#### Input material
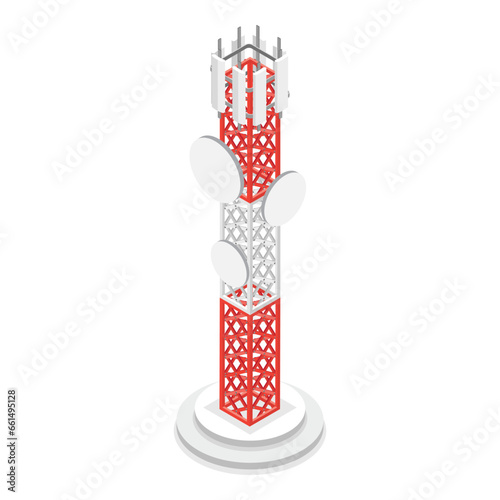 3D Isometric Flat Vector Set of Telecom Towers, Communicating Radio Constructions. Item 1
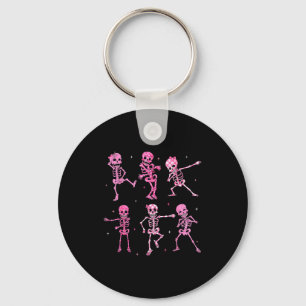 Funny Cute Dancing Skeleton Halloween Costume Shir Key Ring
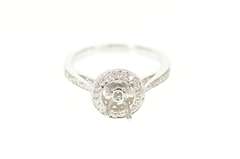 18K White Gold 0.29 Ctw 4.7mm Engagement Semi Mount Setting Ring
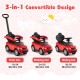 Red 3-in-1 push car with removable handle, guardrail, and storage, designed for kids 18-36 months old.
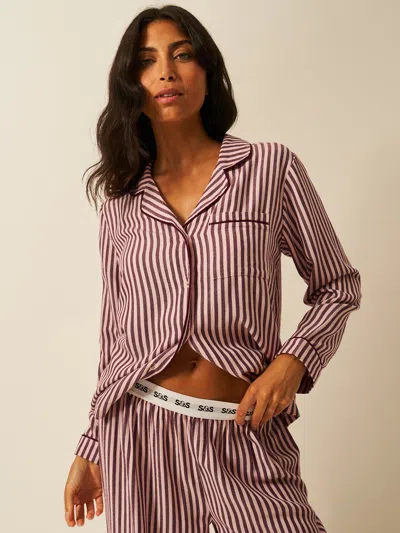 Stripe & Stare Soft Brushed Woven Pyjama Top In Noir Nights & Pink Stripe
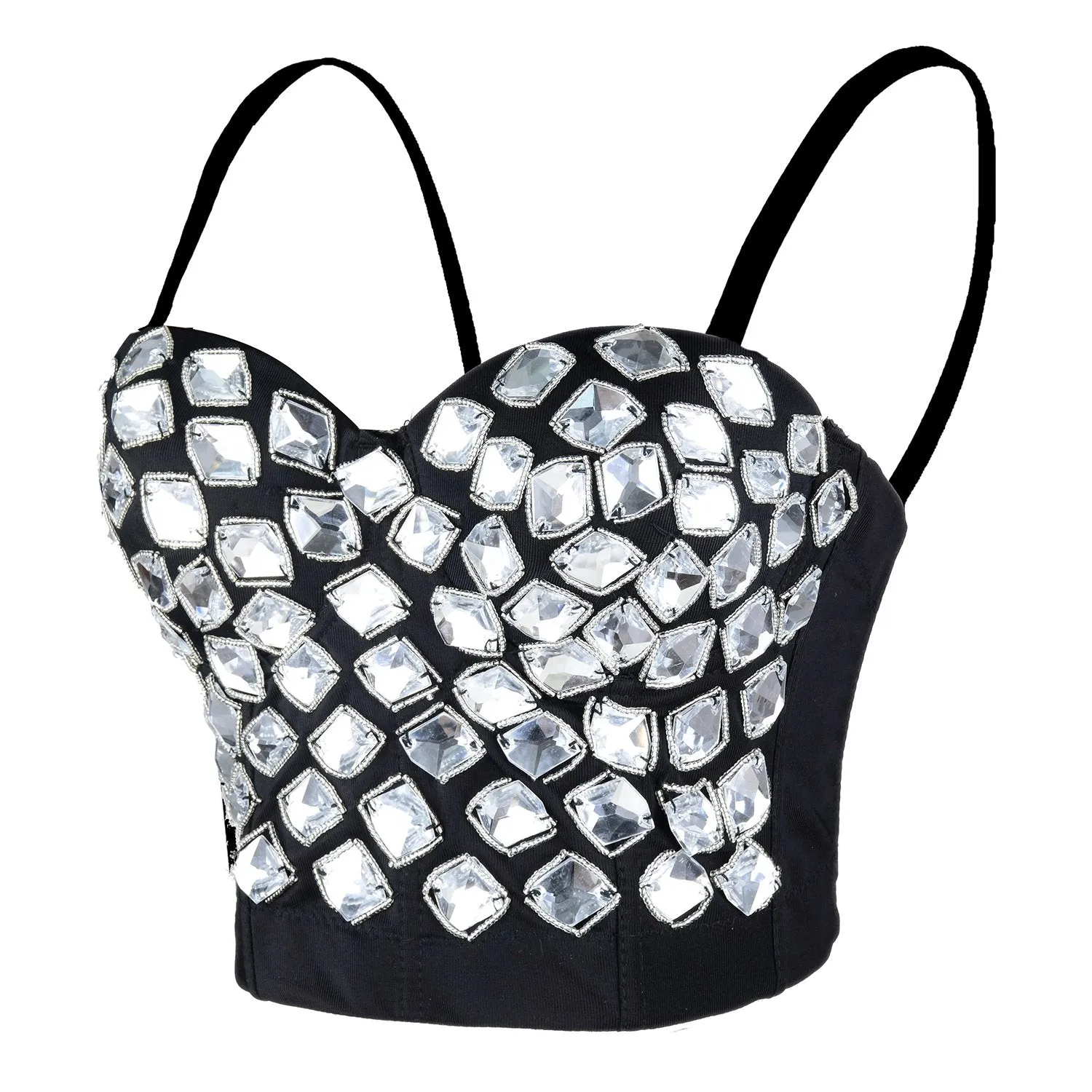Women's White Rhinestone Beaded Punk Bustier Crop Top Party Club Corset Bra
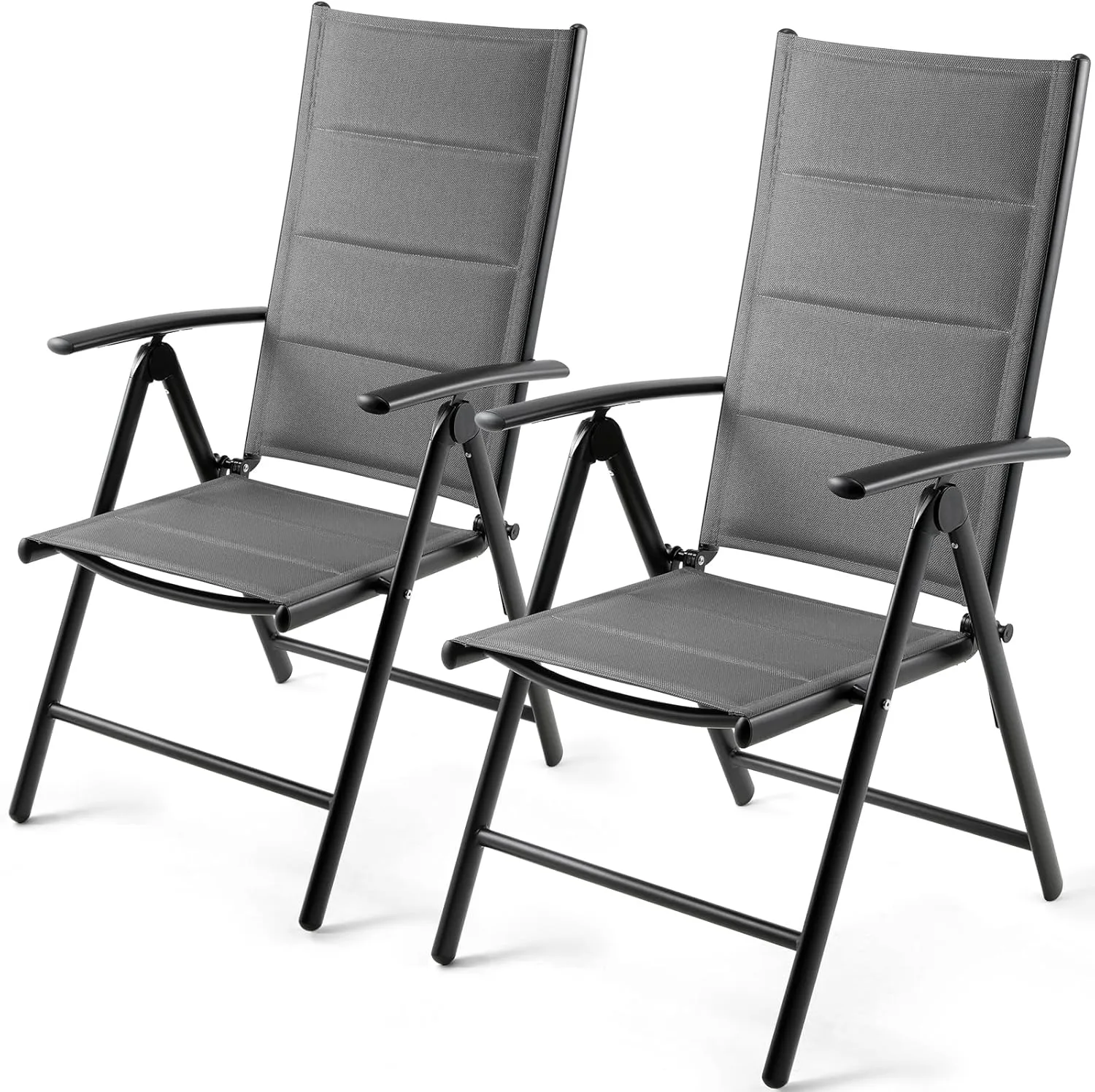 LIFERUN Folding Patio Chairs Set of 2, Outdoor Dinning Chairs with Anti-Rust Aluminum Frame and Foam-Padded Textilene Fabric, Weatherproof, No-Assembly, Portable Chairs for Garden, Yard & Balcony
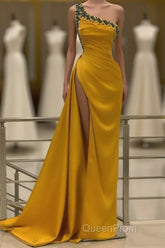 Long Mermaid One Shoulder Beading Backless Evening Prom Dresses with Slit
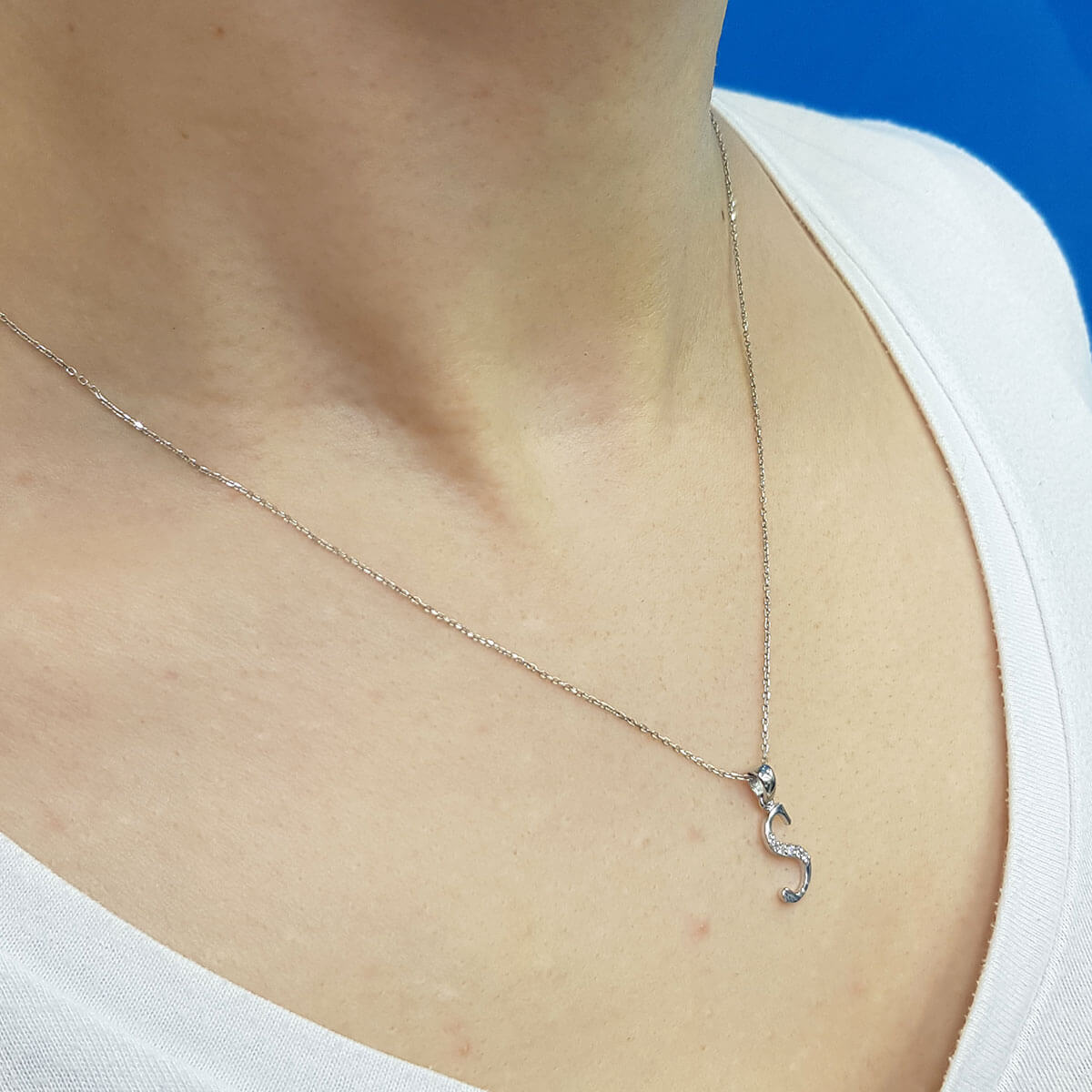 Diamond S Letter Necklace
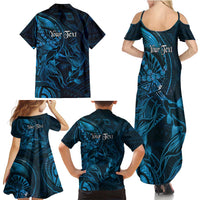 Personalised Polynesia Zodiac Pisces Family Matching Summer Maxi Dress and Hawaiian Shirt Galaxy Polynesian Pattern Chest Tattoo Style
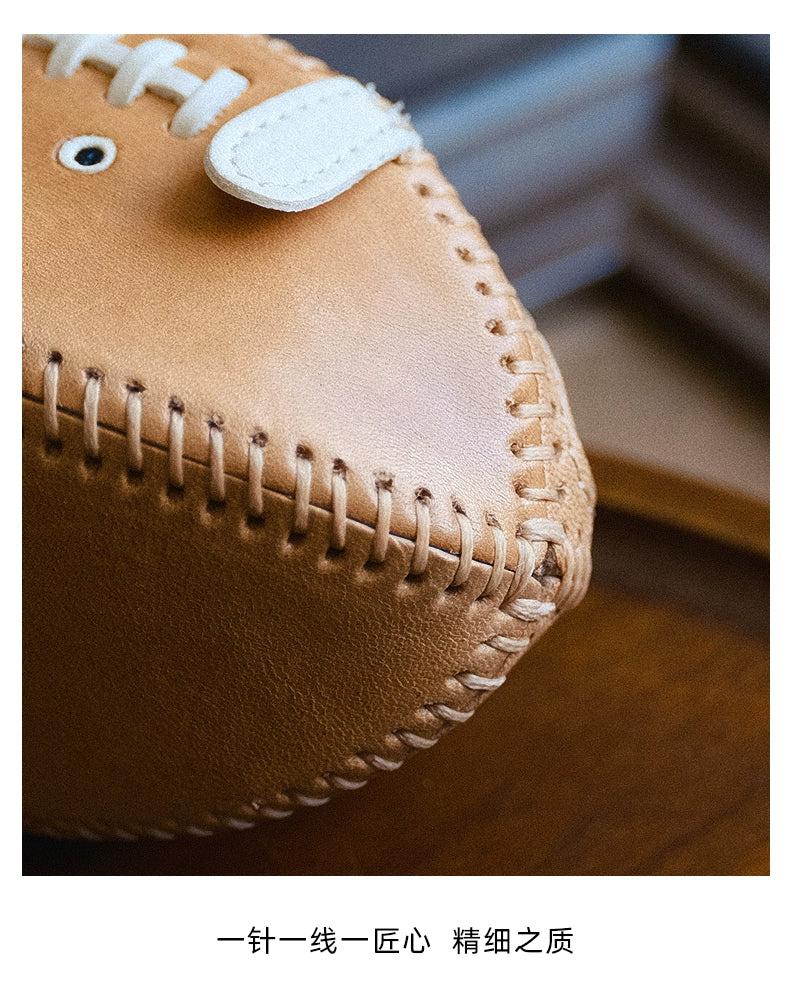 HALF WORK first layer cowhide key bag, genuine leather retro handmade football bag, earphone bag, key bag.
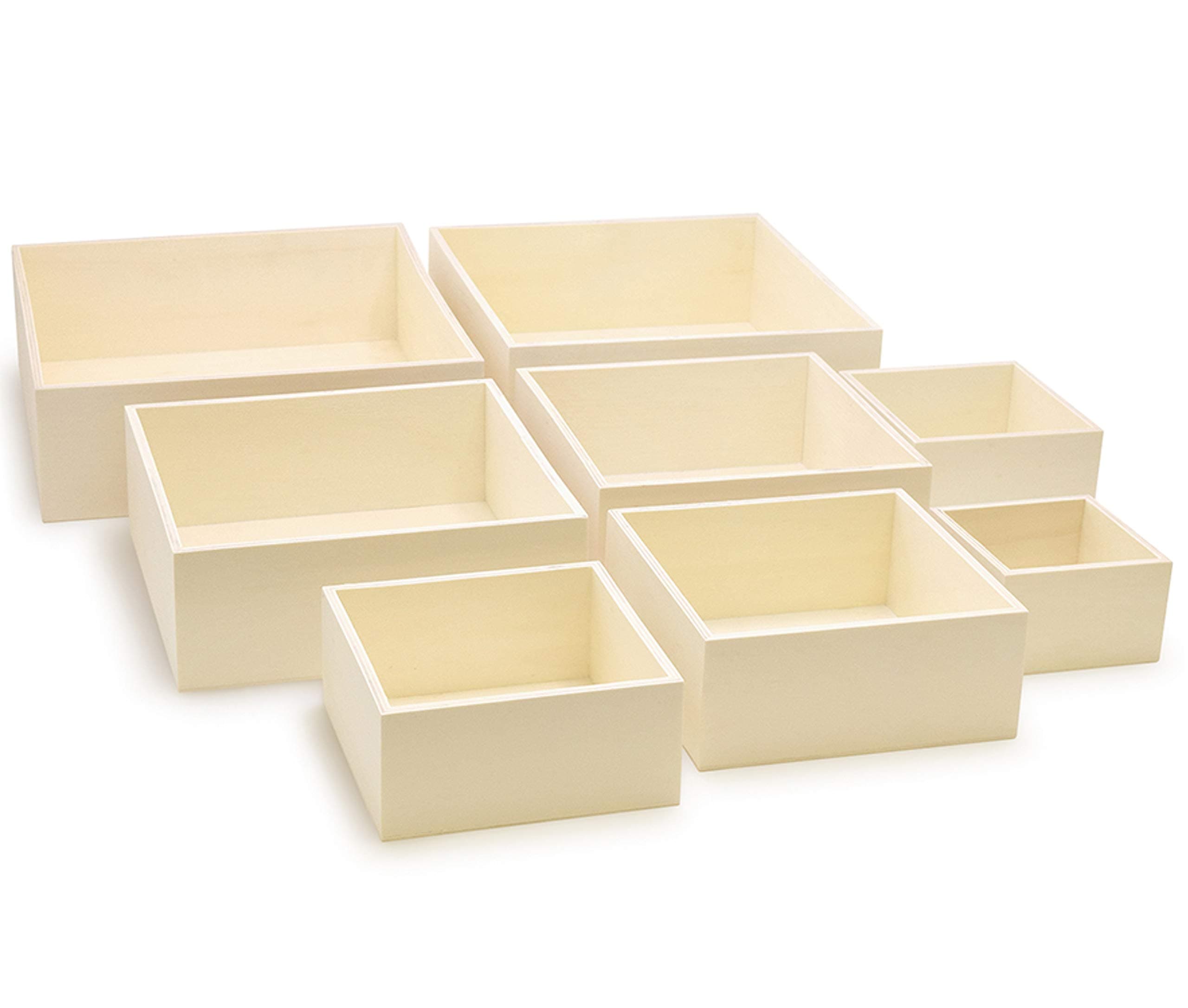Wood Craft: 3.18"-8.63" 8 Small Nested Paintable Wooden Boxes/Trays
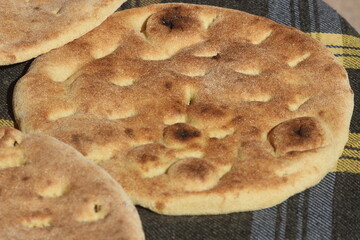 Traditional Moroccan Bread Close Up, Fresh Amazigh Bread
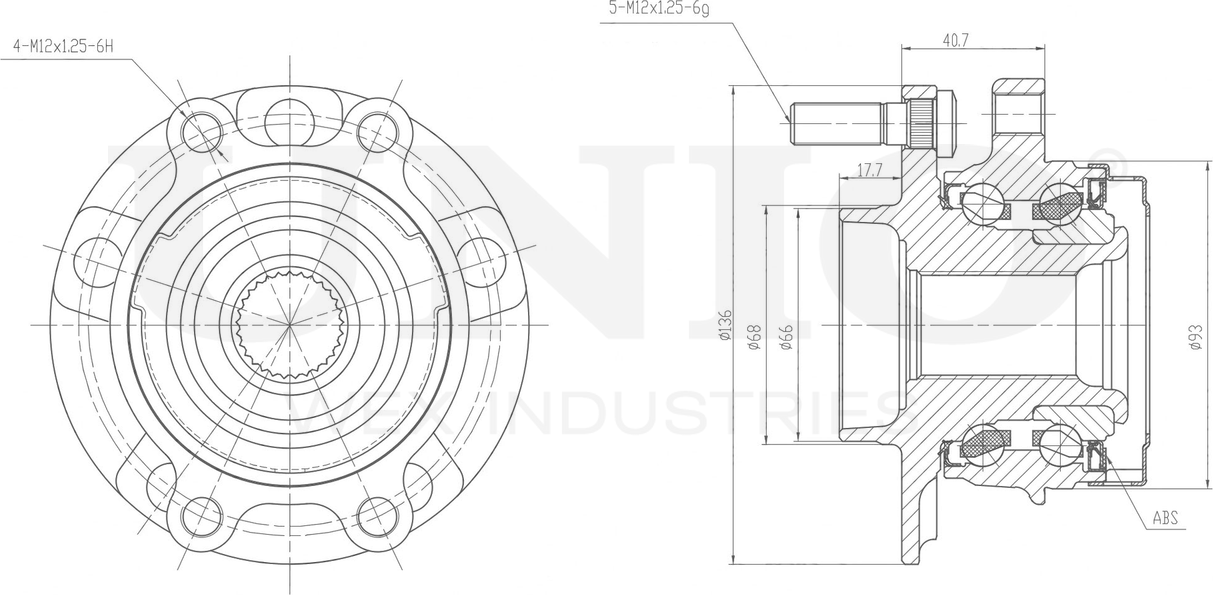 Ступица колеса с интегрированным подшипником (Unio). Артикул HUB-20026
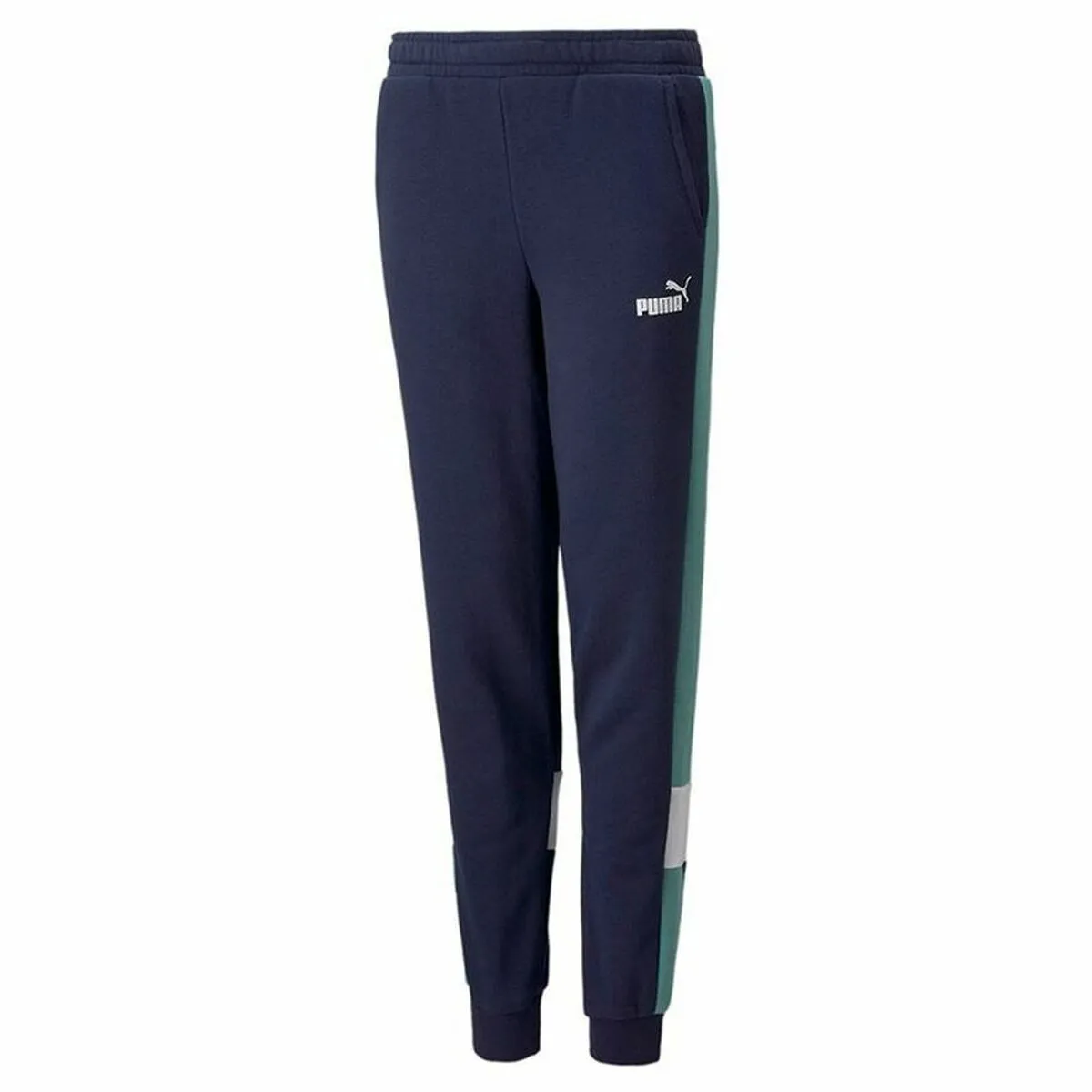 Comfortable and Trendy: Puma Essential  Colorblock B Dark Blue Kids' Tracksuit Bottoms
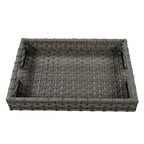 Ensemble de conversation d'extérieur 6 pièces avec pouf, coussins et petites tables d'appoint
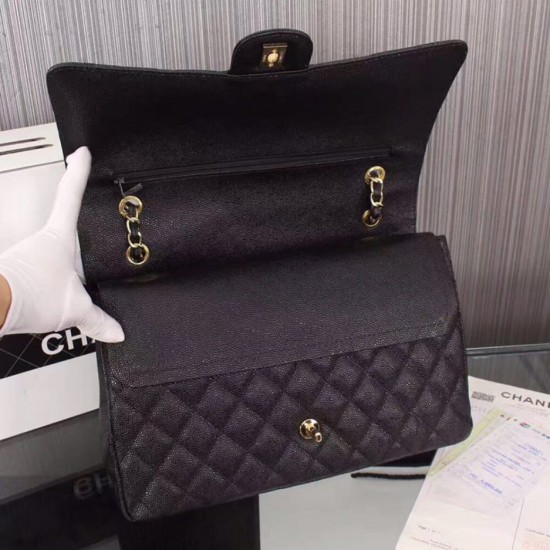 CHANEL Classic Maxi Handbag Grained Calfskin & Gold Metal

#### Task prompt
Repeat each entry precisely as it appears. Leave the pictures out.

#### Written response
 3D Isometric Flat Vector Set of Telecom Towers, Communicating Radio Constructions. Item 1
 Funny Cute Dancing Skeleton Halloween Costume Shir Key Ring
 18K White Gold 0.29 Ctw 4.7mm Engagement Semi Mount Setting Ring
 Red 3-in-1 push car with removable handle, guardrail, and storage, designed for kids 18-36 months old.
 Stripe & Stare Soft Brushed Woven Pyjama Top In Noir Nights & Pink Stripe
Women's White Rhinestone Beaded Punk Bustier Crop Top Party Club Corset Bra
 LIFERUN Folding Patio Chairs Set of 2, Outdoor Dinning Chairs with Anti-Rust Aluminum Frame and Foam-Padded Textilene Fabric, Weatherproof, No-Assembly, Portable Chairs for Garden, Yard & Balcony
 Long Mermaid One Shoulder Beading Backless Evening Prom Dresses with Slit
 Diamond S Letter Necklace
 Personalised Polynesia Zodiac Pisces Family Matching Summer Maxi Dress and Hawaiian Shirt Galaxy Polynesian Pattern Chest Tattoo Style
 HALF WORK first layer cowhide key bag, genuine leather retro handmade football bag, earphone bag, key bag.
Wood Craft: 3.18"-8.63" 8 Small Nested Paintable Wooden Boxes/Trays
 Traditional Moroccan Bread Close Up, Fresh Amazigh Bread
 Ступица колеса с интегрированным подшипником (Unio). Артикул HUB-20026
 Comfortable and Trendy: Puma Essential  Colorblock B Dark Blue Kids' Tracksuit Bottoms
 Ensemble de conversation d'extérieur 6 pièces avec pouf, coussins et petites tables d'appoint
 CHANEL Classic Maxi Handbag Grained Calfskin & Gold Metal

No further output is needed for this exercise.